Contoh: Apakah 85 ada dalam urutan?

  • 85 dalam basis 4: 1111 (yaitu 64 + 16 + 4 + 1)
  • Hanya berisi 1 dan 0 → Ya, 85 ada dalam urutan

Contoh Tandingan: Apakah 90 ada dalam urutan?

  • 90 dalam basis 4: 1122
  • Berisi digit 2 → Tidak, 90 tidak ada dalam urutan

Generator mengimplementasikan ini menggunakan operator bitwise JavaScript, yang bersifat asli pada bahasa dan sangat dioptimalkan di browser modern.

Bagaimana dengan Unit dan Presisi?

Urutan Moser-de Bruijn berurusan dengan bilangan bulat murni:

  • Semua term adalah bilangan bulat non-negatif (0, 1, 4, 5, 16, dll.)
  • Tidak ada unit, desimal, atau pembulatan
  • Hasilnya matematis tepat—Anda mendapatkan bilangan bulat presisi setiap saat
  • Pertumbuhan eksponensial: term ke-n dapat mencapai hingga sekitar 4^(⌊logā‚‚(n)āŒ‹+1) - 1

Pertumbuhan eksponensial ini berarti urutan menjadi besar dengan cepat.

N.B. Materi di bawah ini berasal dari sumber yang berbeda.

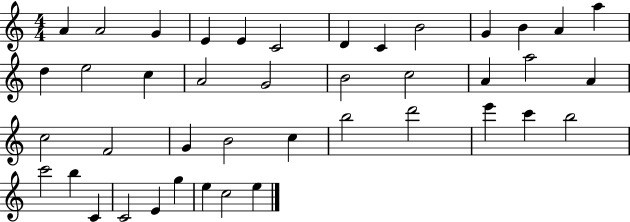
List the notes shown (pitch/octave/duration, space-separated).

A4/q A4/h G4/q E4/q E4/q C4/h D4/q C4/q B4/h G4/q B4/q A4/q A5/q D5/q E5/h C5/q A4/h G4/h B4/h C5/h A4/q A5/h A4/q C5/h F4/h G4/q B4/h C5/q B5/h D6/h E6/q C6/q B5/h C6/h B5/q C4/q C4/h E4/q G5/q E5/q C5/h E5/q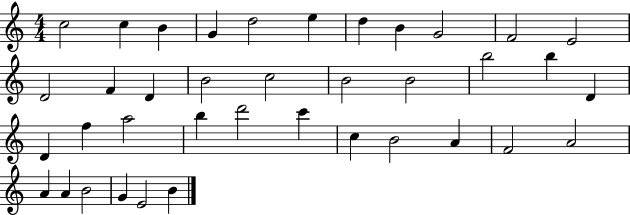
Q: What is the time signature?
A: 4/4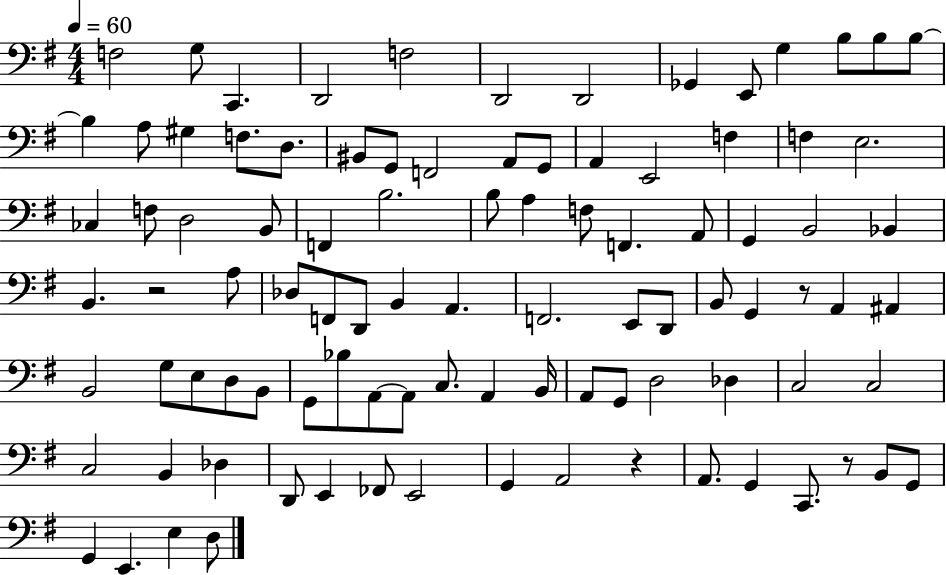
X:1
T:Untitled
M:4/4
L:1/4
K:G
F,2 G,/2 C,, D,,2 F,2 D,,2 D,,2 _G,, E,,/2 G, B,/2 B,/2 B,/2 B, A,/2 ^G, F,/2 D,/2 ^B,,/2 G,,/2 F,,2 A,,/2 G,,/2 A,, E,,2 F, F, E,2 _C, F,/2 D,2 B,,/2 F,, B,2 B,/2 A, F,/2 F,, A,,/2 G,, B,,2 _B,, B,, z2 A,/2 _D,/2 F,,/2 D,,/2 B,, A,, F,,2 E,,/2 D,,/2 B,,/2 G,, z/2 A,, ^A,, B,,2 G,/2 E,/2 D,/2 B,,/2 G,,/2 _B,/2 A,,/2 A,,/2 C,/2 A,, B,,/4 A,,/2 G,,/2 D,2 _D, C,2 C,2 C,2 B,, _D, D,,/2 E,, _F,,/2 E,,2 G,, A,,2 z A,,/2 G,, C,,/2 z/2 B,,/2 G,,/2 G,, E,, E, D,/2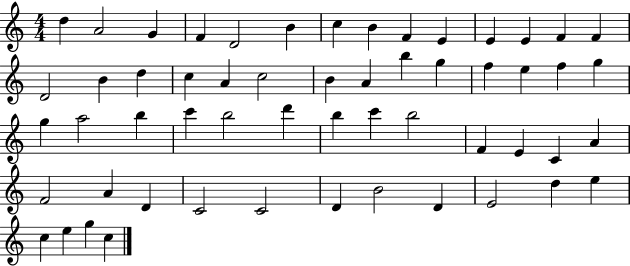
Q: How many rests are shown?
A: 0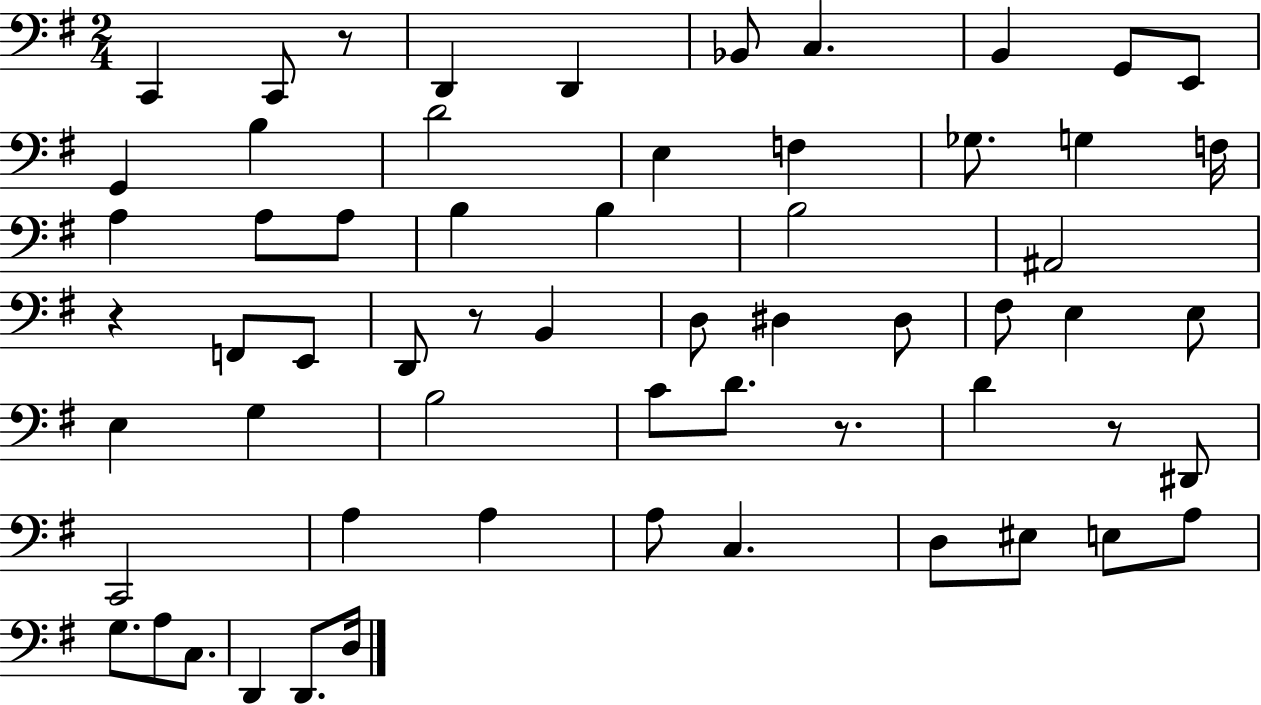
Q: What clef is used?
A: bass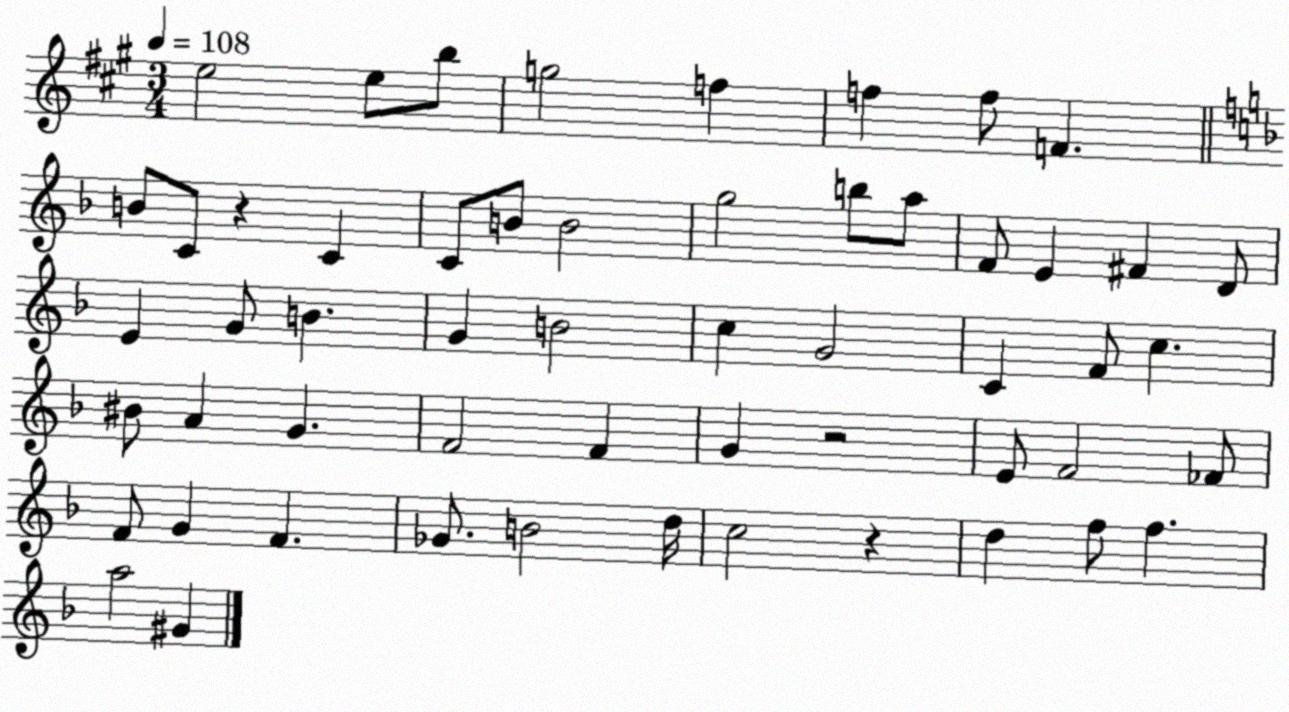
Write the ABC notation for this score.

X:1
T:Untitled
M:3/4
L:1/4
K:A
e2 e/2 b/2 g2 f f f/2 F B/2 C/2 z C C/2 B/2 B2 g2 b/2 a/2 F/2 E ^F D/2 E G/2 B G B2 c G2 C F/2 c ^B/2 A G F2 F G z2 E/2 F2 _F/2 F/2 G F _G/2 B2 d/4 c2 z d f/2 f a2 ^G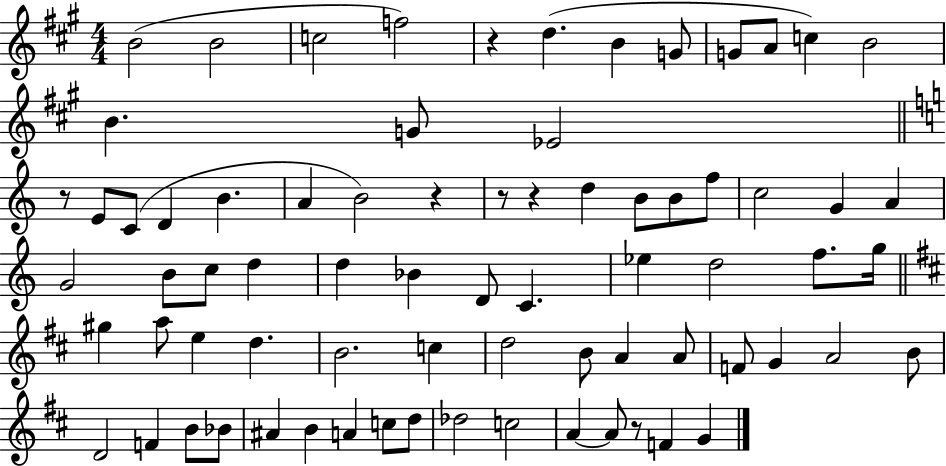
B4/h B4/h C5/h F5/h R/q D5/q. B4/q G4/e G4/e A4/e C5/q B4/h B4/q. G4/e Eb4/h R/e E4/e C4/e D4/q B4/q. A4/q B4/h R/q R/e R/q D5/q B4/e B4/e F5/e C5/h G4/q A4/q G4/h B4/e C5/e D5/q D5/q Bb4/q D4/e C4/q. Eb5/q D5/h F5/e. G5/s G#5/q A5/e E5/q D5/q. B4/h. C5/q D5/h B4/e A4/q A4/e F4/e G4/q A4/h B4/e D4/h F4/q B4/e Bb4/e A#4/q B4/q A4/q C5/e D5/e Db5/h C5/h A4/q A4/e R/e F4/q G4/q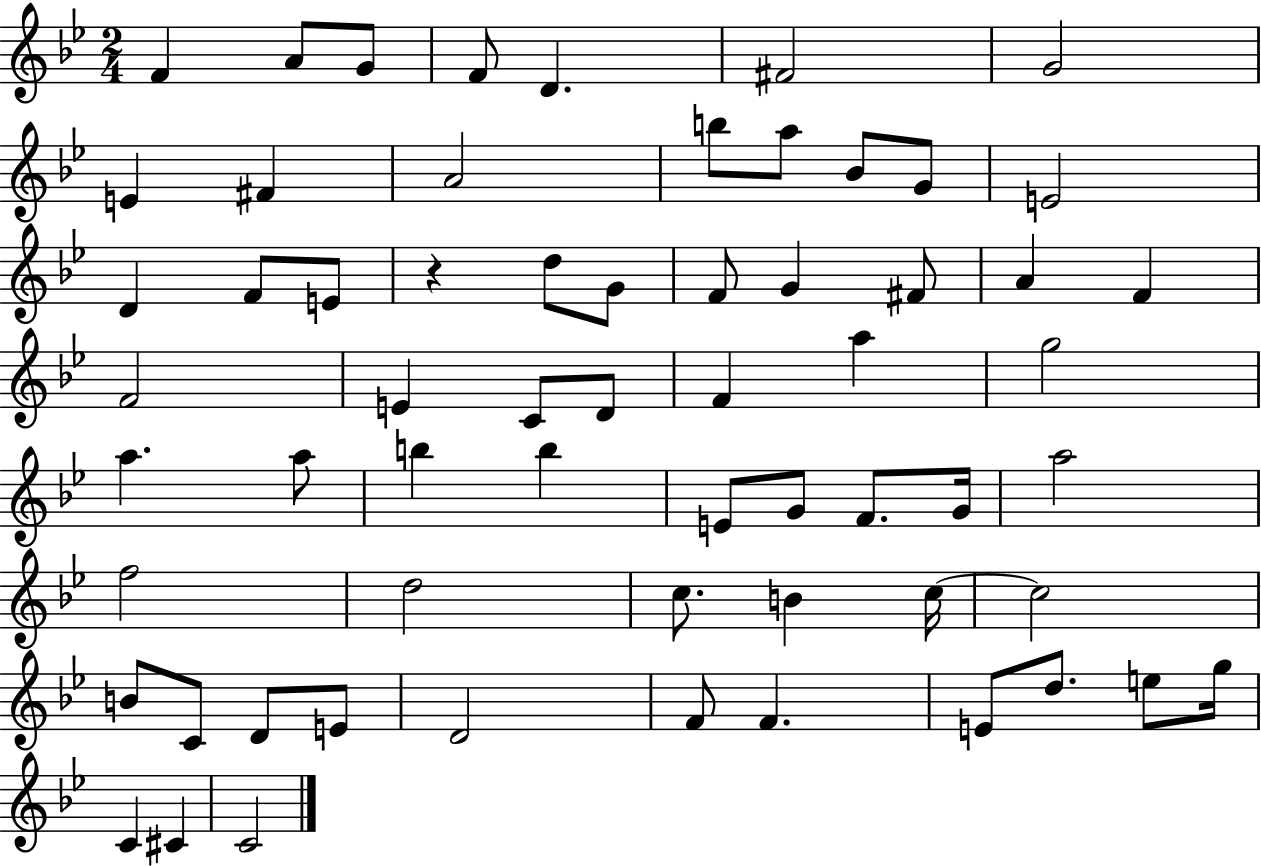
F4/q A4/e G4/e F4/e D4/q. F#4/h G4/h E4/q F#4/q A4/h B5/e A5/e Bb4/e G4/e E4/h D4/q F4/e E4/e R/q D5/e G4/e F4/e G4/q F#4/e A4/q F4/q F4/h E4/q C4/e D4/e F4/q A5/q G5/h A5/q. A5/e B5/q B5/q E4/e G4/e F4/e. G4/s A5/h F5/h D5/h C5/e. B4/q C5/s C5/h B4/e C4/e D4/e E4/e D4/h F4/e F4/q. E4/e D5/e. E5/e G5/s C4/q C#4/q C4/h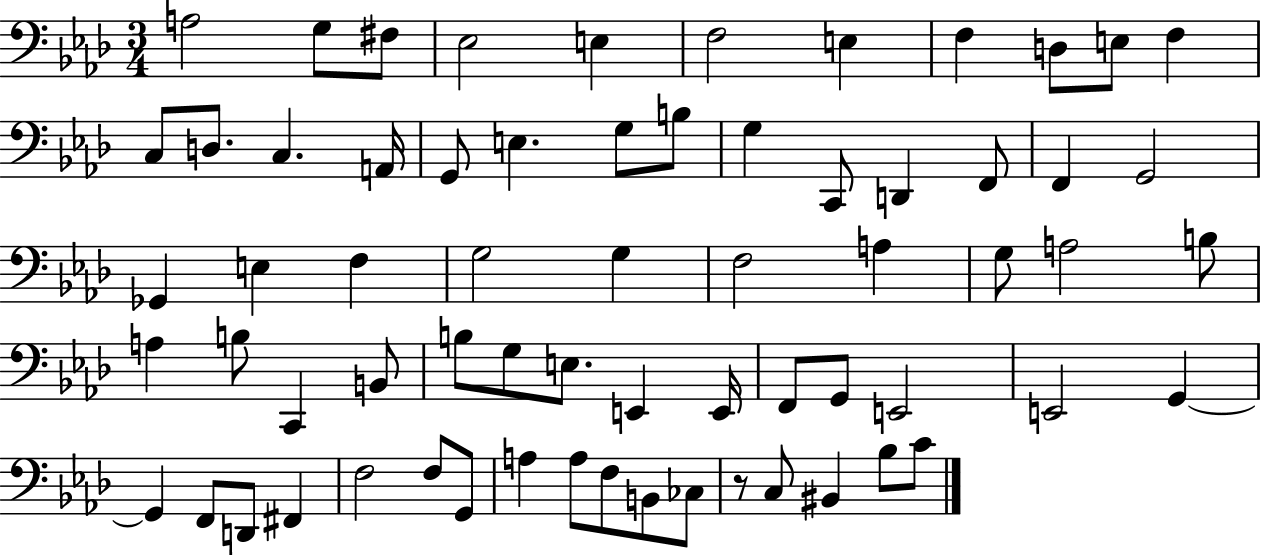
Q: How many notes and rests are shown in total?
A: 66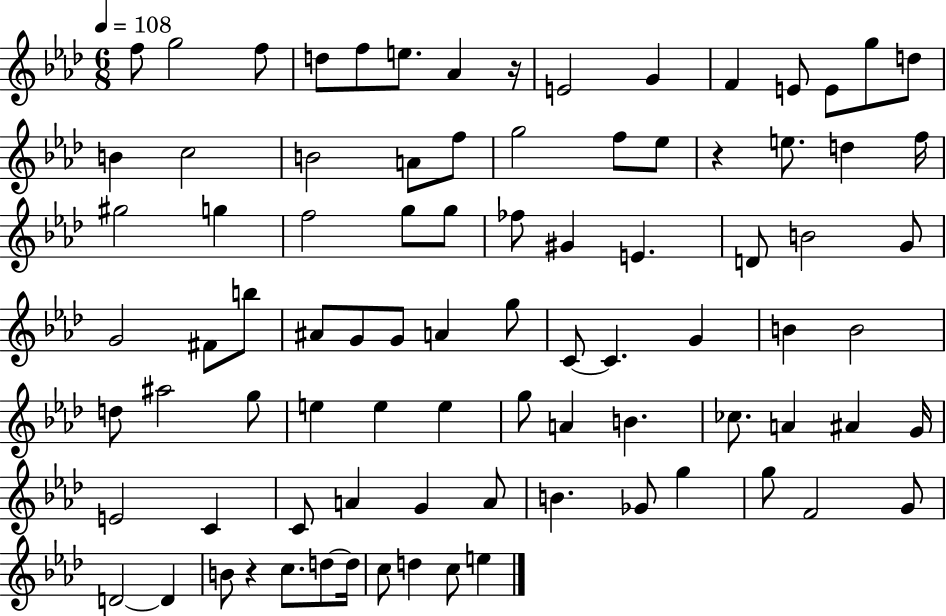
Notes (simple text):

F5/e G5/h F5/e D5/e F5/e E5/e. Ab4/q R/s E4/h G4/q F4/q E4/e E4/e G5/e D5/e B4/q C5/h B4/h A4/e F5/e G5/h F5/e Eb5/e R/q E5/e. D5/q F5/s G#5/h G5/q F5/h G5/e G5/e FES5/e G#4/q E4/q. D4/e B4/h G4/e G4/h F#4/e B5/e A#4/e G4/e G4/e A4/q G5/e C4/e C4/q. G4/q B4/q B4/h D5/e A#5/h G5/e E5/q E5/q E5/q G5/e A4/q B4/q. CES5/e. A4/q A#4/q G4/s E4/h C4/q C4/e A4/q G4/q A4/e B4/q. Gb4/e G5/q G5/e F4/h G4/e D4/h D4/q B4/e R/q C5/e. D5/e D5/s C5/e D5/q C5/e E5/q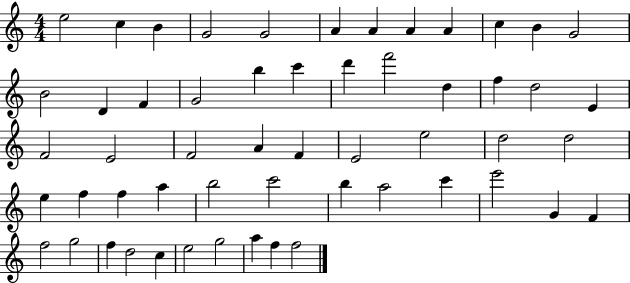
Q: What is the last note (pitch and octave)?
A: F5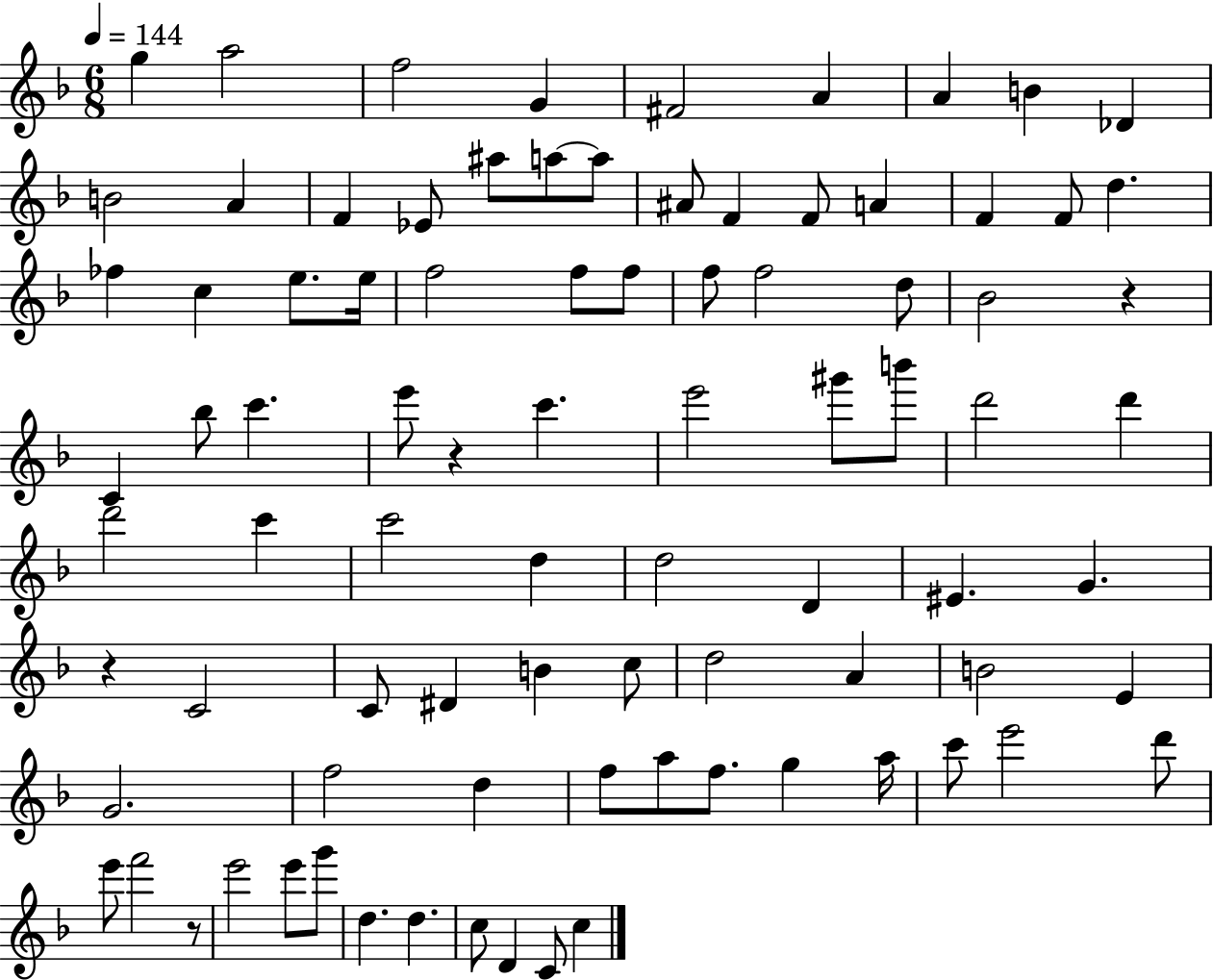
X:1
T:Untitled
M:6/8
L:1/4
K:F
g a2 f2 G ^F2 A A B _D B2 A F _E/2 ^a/2 a/2 a/2 ^A/2 F F/2 A F F/2 d _f c e/2 e/4 f2 f/2 f/2 f/2 f2 d/2 _B2 z C _b/2 c' e'/2 z c' e'2 ^g'/2 b'/2 d'2 d' d'2 c' c'2 d d2 D ^E G z C2 C/2 ^D B c/2 d2 A B2 E G2 f2 d f/2 a/2 f/2 g a/4 c'/2 e'2 d'/2 e'/2 f'2 z/2 e'2 e'/2 g'/2 d d c/2 D C/2 c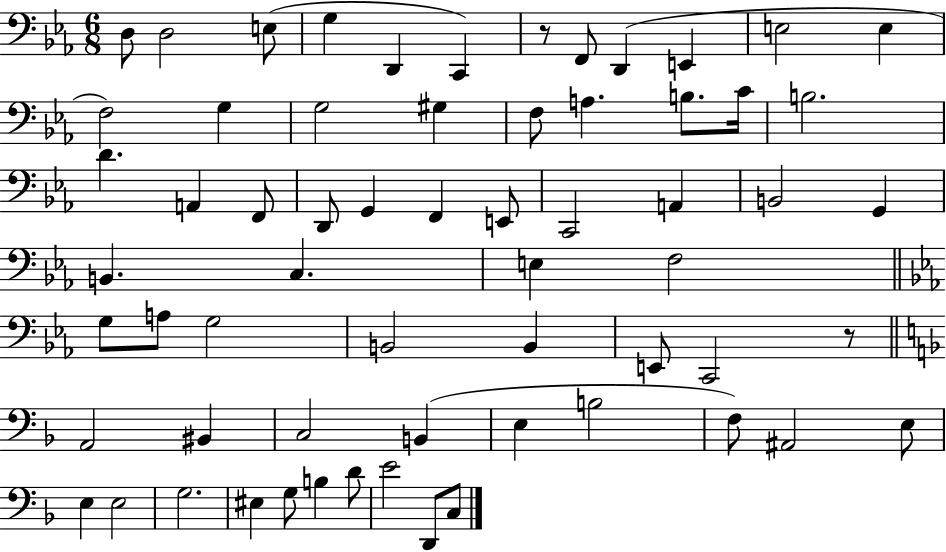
D3/e D3/h E3/e G3/q D2/q C2/q R/e F2/e D2/q E2/q E3/h E3/q F3/h G3/q G3/h G#3/q F3/e A3/q. B3/e. C4/s B3/h. D4/q. A2/q F2/e D2/e G2/q F2/q E2/e C2/h A2/q B2/h G2/q B2/q. C3/q. E3/q F3/h G3/e A3/e G3/h B2/h B2/q E2/e C2/h R/e A2/h BIS2/q C3/h B2/q E3/q B3/h F3/e A#2/h E3/e E3/q E3/h G3/h. EIS3/q G3/e B3/q D4/e E4/h D2/e C3/e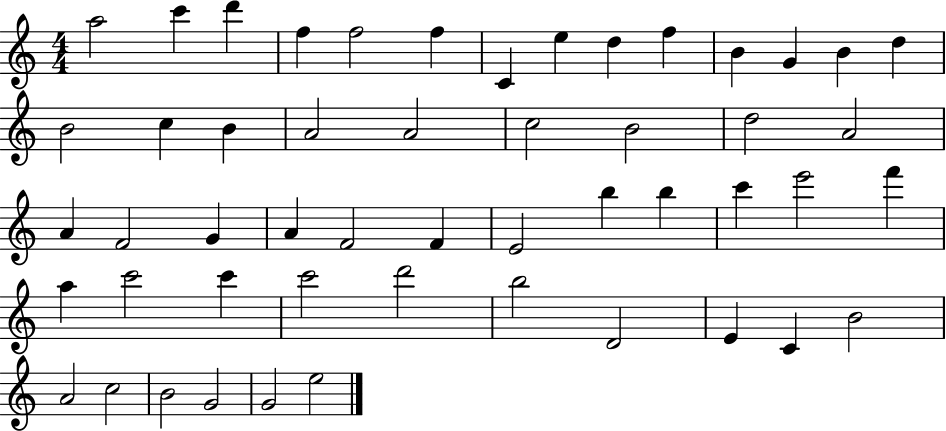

Term ke-20 sudah 340, dan pada term ke-100 Anda berurusan dengan angka dalam jutaan.

Aplikasi Dunia Nyata dan Kasus Penggunaan

Pendidikan dan Pembelajaran

Mengajar Sistem Bilangan: Ketika saya menggunakannya di kelas, siswa memahami konversi basis jauh lebih cepat saat mereka dapat bermain dengan urutan Moser-de Bruijn. Hal ini menjembatani kesenjangan antara biner (basis 2) dan sistem bilangan yang lebih kompleks. Siswa langsung melihat bagaimana mengubah basis mempengaruhi kepadatan urutan.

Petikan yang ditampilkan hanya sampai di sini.